TLP| 1.28.13 @ 1:42PM

I guess Hillary's ABANDONING her job at State. Right?

Tax Cheat Geithner is ABANDONING his job at Treasury. Right?

That Stupid Broad at the Energy Department ABANDONED HER job. Right?

The Iranian Broad - Valerie Jarrett - ABANDONED her job in the White House. Right?

Why don't you do everybody a favour and ABANDON THIS SITE?

RCV| 1.28.13 @ 2:35PM

No. Here's the difference, brainless boy. Listen carefully. Sarah Palin was elected by the people of Alaska to be governor for a specific term. When the job got too difficult for her limited abilities, she just quit. It's not that the People had elected her to a different job in the interim; it's just doing the job she promised to do got too difficult for her.

Cabinet officers have no set terms.
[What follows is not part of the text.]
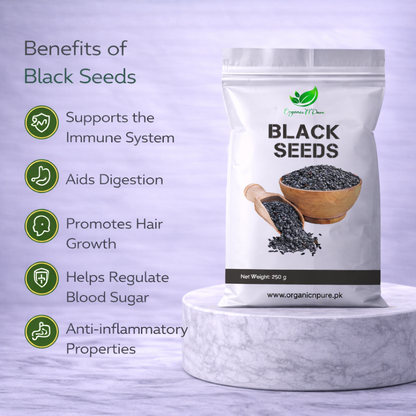 BLACK SESAME SEED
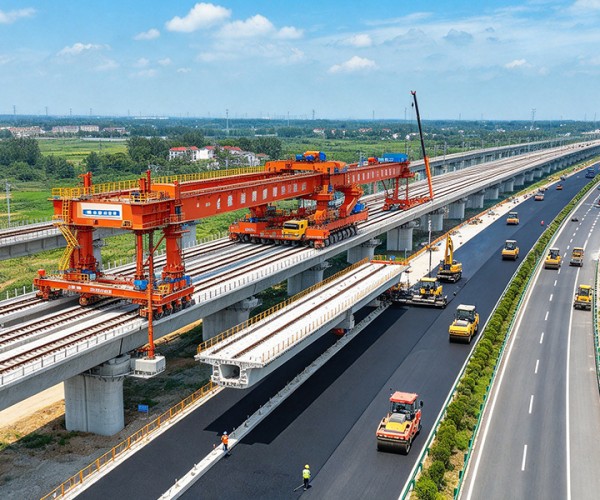 义马公路建设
They serve at the pleasure of the President. It is quite expected that many of them will only serve for one Presidential term.

Anthony| 1.28.13 @ 3:33PM

Hey moron, when a lefty leave the senate to become Sec. of State, like Hillary and Kerry, have they not quit a job they were elected to by the people of NY and MA for a specific term?
Leftism is indeed a mental disorder, and Palin Derangement Syndrome is a pan epidemic among the American left.

RCV| 1.28.13 @ 4:11PM

Not if they were seeking a different office, which the People agreed to elect them to. Paul Ryan didn't "abandon" his Congressional seat - he asked the voters to select him for a different job, which they in that case declined to do.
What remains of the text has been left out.